Thanks for allowing me to introduce what’s left to do Jeff
That’s a very fair question, which requires a solid answer to be acceptable. The initial post of this thread is the first part of a series. I also blogged something about how to explain Matrix with e-mails, to make it easier to understand for people less familiar with the subject. In its conclusion I say
A post on how an organisation can keep its sovereignty in a decentralised and open network as Matrix will follow in the coming weeks.
That’s another very important aspect: Matrix is an open network, but it doesn’t mean we can do anything we want and expect it to work like a charm. The migration from Element’s to GNOME’s infrastructure is one of the steps of a broader plan. We need to think it through first, and to set-up a set of rules to enforce our strategy. My mind is pretty clear on that point, but rather than throwing ideas as I’m sipping my first coffee of the morning, I’d rather wait for a detailed blog post to explain it all in depth.
Then comes the last part, the one you mention: we have a Matrix instance in a given state, we will have a target, we need a transition plan to reach that target. By a happy coincidence, @averi is re-working our identities management system. Most of the steps on the Matrix side are clear to me, but instead of throwing ideas in a mess I would rather wait for our identities management system to be advanced enough to finish up and formalise the transition plan.
Matrix has pretty solid, battle-tested defence mechanisms now. The Matrix.org instance has more than 100k Monthly Active Users (MAU) and of course has triggered spammers’ interest. The most immediate defence mechanism is against individual troublemakers: a moderator in a room can kick/ban a user from a room, and redact their messages so they are removed from the timeline.

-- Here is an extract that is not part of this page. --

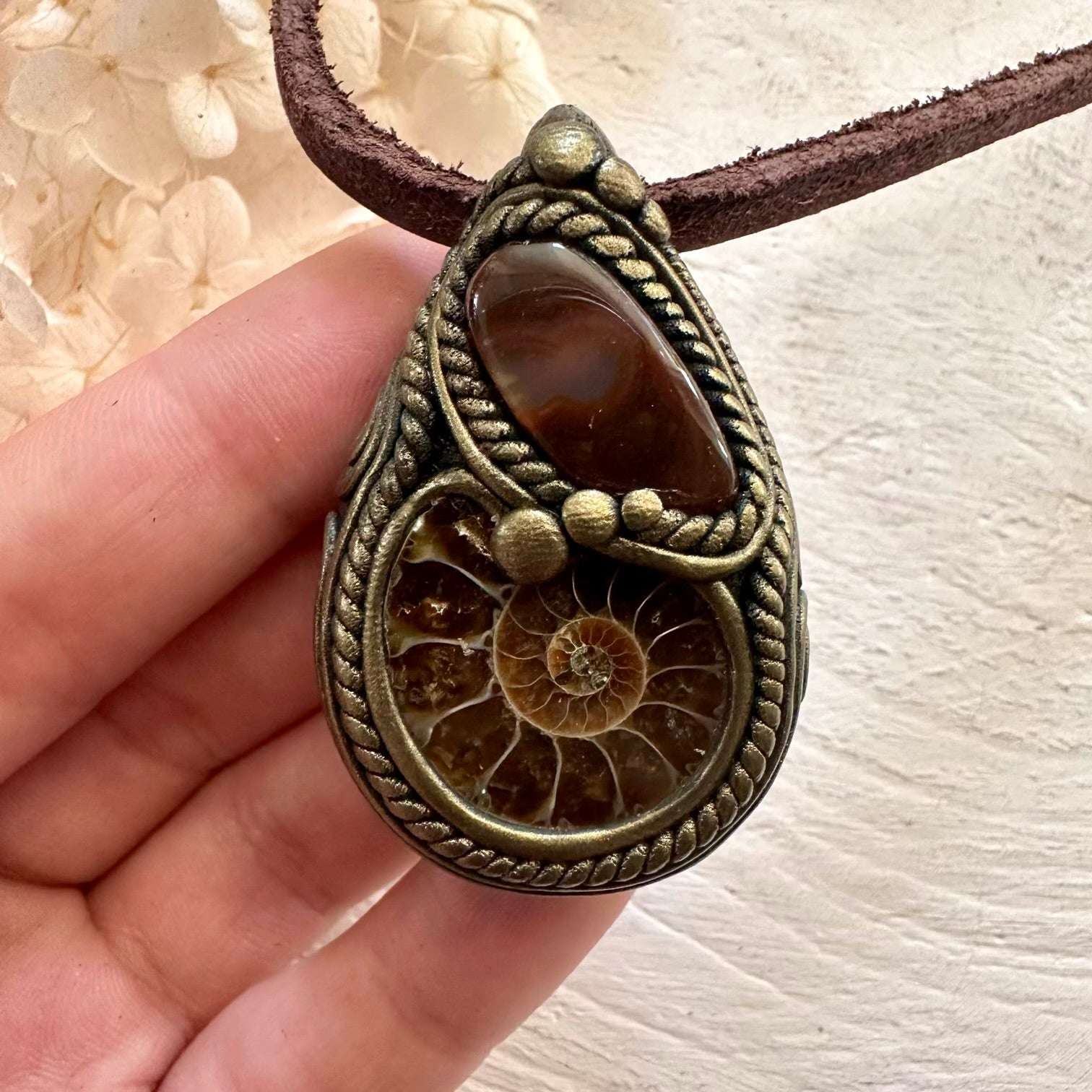 Ammonite and Fire Agate Necklace - FairyGardenGlow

More sophisticated attacks can happen, for example when a spammer has automated the spamming in several rooms. That’s where the hammer of Matrix justice comes to play. To keep things short, it creates a room in which a moderation team can send commands to a bot to ask it to kick/ban a user and redact their messages for all the rooms under its protection. Just a note: it doesn’t make sense in the Matrix universe to talk about “rooms belonging to a server”. What makes more sense is to talk about “rooms we control”: that’s why the moderation by mjolnir is opt-in. When people create a room and want to be protected by mjolnir, they need to grant it the administrator privileges to be placed under its protection.
Finally, for the more extreme cases there are two last resort mechanisms: putting an obviously maliciously crafted instance on a denylist, and for the most extreme cases shadow banning them.
That’s where things get really good: with the proper authorizations on the IRC side it is possible to kick and ban users from the Matrix side! For more sophisticated defence such as changing the modes of a channel, manual work has to be done on IRC. We’re still working with GIMPnet administrators to upgrade the network, and we’ll be able to retrieve proper rights to do it.